[Excerpts from a dataset]
== Segment start ==

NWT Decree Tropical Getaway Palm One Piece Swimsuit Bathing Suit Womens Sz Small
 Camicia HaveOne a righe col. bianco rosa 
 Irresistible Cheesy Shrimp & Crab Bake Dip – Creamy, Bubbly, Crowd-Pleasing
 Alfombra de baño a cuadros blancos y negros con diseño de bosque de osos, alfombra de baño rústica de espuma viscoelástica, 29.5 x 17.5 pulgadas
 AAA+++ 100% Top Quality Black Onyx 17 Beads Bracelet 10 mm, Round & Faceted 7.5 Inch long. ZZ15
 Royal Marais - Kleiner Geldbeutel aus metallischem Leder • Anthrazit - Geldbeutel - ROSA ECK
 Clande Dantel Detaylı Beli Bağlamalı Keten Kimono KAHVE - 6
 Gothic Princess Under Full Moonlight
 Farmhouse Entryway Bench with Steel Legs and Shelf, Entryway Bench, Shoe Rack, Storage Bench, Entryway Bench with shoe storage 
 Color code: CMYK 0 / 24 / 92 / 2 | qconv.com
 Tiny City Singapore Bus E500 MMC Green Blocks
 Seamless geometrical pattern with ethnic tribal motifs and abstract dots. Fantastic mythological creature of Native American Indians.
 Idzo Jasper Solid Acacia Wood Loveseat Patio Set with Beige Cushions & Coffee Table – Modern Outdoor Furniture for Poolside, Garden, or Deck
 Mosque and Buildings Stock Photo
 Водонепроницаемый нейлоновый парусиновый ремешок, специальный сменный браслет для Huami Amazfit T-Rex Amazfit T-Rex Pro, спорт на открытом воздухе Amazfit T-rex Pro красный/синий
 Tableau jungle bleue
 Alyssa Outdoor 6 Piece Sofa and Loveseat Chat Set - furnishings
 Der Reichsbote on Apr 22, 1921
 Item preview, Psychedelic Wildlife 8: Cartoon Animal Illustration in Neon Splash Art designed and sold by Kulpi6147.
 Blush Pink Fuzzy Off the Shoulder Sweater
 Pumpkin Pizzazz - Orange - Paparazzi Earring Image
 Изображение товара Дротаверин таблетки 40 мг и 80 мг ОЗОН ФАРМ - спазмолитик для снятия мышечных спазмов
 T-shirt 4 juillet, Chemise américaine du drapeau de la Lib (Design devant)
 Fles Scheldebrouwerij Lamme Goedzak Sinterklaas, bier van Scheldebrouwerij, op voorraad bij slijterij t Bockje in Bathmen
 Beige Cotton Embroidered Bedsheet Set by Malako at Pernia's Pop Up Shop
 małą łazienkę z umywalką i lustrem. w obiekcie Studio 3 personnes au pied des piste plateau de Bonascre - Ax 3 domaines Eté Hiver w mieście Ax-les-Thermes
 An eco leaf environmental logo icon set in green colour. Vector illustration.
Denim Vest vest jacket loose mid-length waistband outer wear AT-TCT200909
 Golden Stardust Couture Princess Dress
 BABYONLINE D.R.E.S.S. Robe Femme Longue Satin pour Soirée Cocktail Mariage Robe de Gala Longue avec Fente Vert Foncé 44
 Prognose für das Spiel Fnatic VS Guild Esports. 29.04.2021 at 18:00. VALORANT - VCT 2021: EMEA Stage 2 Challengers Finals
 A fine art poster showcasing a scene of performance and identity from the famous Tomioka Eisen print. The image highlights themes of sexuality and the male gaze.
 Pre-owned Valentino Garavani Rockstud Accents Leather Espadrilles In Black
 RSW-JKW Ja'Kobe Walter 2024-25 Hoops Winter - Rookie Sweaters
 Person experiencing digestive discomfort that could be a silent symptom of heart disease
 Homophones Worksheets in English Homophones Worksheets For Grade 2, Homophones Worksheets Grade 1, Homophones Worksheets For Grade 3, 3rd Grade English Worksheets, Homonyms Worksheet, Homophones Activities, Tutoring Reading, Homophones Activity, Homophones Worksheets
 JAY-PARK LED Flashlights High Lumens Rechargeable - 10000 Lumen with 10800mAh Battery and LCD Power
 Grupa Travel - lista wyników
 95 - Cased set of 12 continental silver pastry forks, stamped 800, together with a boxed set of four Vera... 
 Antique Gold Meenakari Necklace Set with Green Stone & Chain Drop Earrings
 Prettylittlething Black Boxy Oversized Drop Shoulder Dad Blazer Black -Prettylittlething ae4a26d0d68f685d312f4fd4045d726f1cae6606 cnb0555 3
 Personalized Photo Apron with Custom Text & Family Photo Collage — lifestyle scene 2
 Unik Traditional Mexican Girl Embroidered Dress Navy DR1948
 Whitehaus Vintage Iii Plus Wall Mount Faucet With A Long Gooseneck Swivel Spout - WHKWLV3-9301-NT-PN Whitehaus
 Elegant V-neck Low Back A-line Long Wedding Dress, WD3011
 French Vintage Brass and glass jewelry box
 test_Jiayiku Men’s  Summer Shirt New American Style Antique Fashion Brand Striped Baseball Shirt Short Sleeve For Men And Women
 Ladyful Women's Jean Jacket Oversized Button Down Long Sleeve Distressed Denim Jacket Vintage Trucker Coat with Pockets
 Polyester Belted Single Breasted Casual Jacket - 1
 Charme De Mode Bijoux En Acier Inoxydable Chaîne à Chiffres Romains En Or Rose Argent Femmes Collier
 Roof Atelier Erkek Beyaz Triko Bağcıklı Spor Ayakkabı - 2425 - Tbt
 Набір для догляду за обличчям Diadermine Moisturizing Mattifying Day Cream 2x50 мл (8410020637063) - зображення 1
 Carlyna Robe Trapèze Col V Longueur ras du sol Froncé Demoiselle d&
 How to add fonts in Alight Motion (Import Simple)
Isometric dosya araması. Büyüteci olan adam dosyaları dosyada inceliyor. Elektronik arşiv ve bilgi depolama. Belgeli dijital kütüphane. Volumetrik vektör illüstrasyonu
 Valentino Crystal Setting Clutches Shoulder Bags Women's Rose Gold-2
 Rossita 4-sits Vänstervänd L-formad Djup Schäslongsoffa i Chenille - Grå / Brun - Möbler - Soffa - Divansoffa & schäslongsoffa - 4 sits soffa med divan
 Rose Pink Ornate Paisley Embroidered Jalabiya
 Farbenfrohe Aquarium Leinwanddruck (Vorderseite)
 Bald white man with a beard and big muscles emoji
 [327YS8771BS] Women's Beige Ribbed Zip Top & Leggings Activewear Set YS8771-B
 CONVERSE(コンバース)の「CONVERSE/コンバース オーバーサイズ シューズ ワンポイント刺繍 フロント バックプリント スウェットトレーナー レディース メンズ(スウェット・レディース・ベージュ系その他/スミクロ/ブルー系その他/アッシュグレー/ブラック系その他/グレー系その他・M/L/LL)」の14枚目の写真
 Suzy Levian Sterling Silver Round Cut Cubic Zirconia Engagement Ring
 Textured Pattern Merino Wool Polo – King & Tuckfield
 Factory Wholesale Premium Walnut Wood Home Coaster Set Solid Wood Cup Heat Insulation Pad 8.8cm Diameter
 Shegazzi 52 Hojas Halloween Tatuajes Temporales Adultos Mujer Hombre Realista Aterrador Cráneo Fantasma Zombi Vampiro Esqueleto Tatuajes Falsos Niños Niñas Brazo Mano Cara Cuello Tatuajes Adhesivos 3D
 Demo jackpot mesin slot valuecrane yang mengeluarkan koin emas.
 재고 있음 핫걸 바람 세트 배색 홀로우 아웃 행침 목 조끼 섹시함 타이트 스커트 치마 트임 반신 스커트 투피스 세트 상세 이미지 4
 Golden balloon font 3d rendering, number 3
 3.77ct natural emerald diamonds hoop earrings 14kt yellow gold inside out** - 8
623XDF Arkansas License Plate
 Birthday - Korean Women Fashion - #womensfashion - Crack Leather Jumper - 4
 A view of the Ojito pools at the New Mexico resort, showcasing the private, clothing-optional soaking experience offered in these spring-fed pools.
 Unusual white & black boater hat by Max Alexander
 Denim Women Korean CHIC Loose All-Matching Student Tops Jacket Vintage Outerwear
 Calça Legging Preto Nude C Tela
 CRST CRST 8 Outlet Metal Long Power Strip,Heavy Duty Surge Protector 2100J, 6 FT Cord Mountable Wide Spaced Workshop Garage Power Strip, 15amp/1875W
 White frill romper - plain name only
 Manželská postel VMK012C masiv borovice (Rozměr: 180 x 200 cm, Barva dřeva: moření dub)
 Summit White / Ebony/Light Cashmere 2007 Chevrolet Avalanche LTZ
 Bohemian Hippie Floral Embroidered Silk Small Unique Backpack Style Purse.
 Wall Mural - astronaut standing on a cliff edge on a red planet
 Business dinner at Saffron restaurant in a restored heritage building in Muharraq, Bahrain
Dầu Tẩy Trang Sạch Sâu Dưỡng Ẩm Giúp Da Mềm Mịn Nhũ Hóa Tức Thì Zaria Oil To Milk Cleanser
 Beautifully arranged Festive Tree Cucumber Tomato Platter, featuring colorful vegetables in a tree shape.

== Segment end ==

**Exercise objective**
For the word "Korean", how many lines in the records above contain it? Answer with the number and nothing else.

**Answer to this task**
2